The term geocache comes from the word cache—a hiding place for a group of things—and geo, which means earth. A person hides an object in an accessible area—woods, parking lots, parks, tourist areas and buildings.

The object’s coordinates are marked on a geocaching app.

When you open your map you see all the geocaches people have hidden. Simply select one and follow the map to find the object.

“It’s almost like a scavenger hunt,” says Jeremy Marshall, director of Ontario County Veterans Services Agency, who enjoys geocaching with his wife, Emily, confidential secretary to the director of Ontario County Human Resources, and their two children Kaytlin, 14, and Chase, 11.

Geocache items can be as small as an old film canister or as large as an ammo box. They can be hidden in obvious places or tucked into well-camouflaged nooks and crannies. All items share one commonality: They hold a piece of paper where you mark your name and date indicating that you found the geocache. Then you return it for the next person.

Sometimes a geocache holds a prize. Money might be in a brand new geocache while others provide a trinket exchange. Sometimes a geocache will contain a “travel bug,” a dog tag marked with a serial number allowing people to track its progress online.

Always an Adventure

Marshall admits that when he first heard of geocaching he was not impressed. Four years ago, Chase went geocaching on a camping trip with some friends. He returned and begged his dad to go.

“Honestly, it sounded kind of dumb,” Marshall says. “But we downloaded the app and ended up having a lot of fun.”

These days, whenever Marshall’s family has some spare time or wants to do something together, they go geocaching.
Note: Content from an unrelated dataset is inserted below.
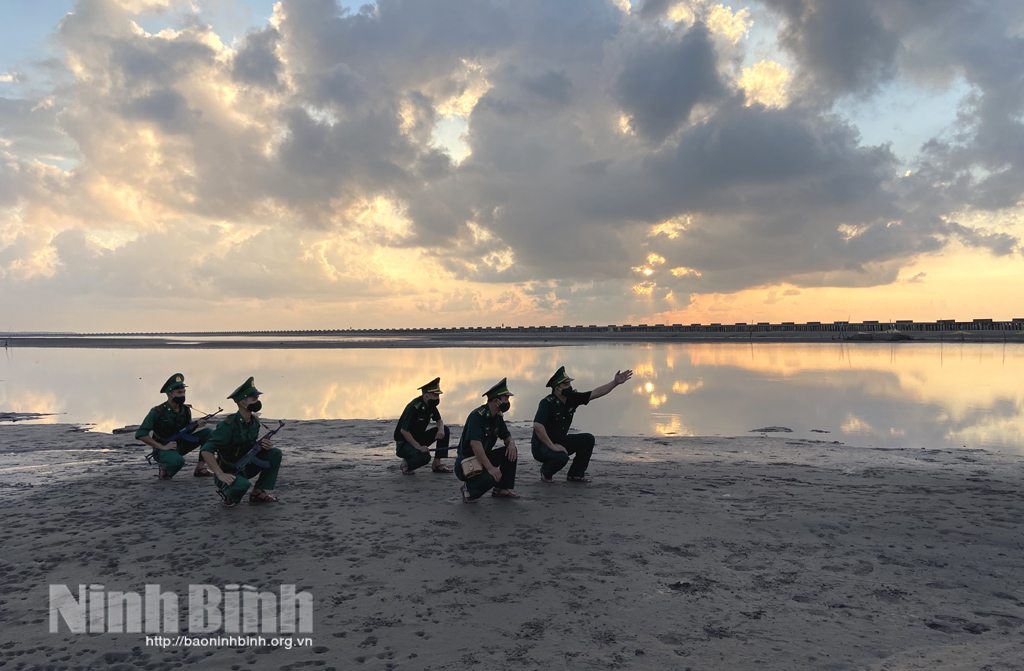 Đồng hành cùng ngư dân phát triển kinh tế và bảo vệ biên giới biển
His teenage daughter loves to go, making it a great way for Marshall to spend time with her.

The family moved from Watertown to Farmington three years ago. And geocaching has helped them get outside and learn about the area.

“One geocache led us to a neat hiking trail. Another one took us to a waterfall,” Marshall says. “There are some in Grimes Glen that will really make you get some exercise.”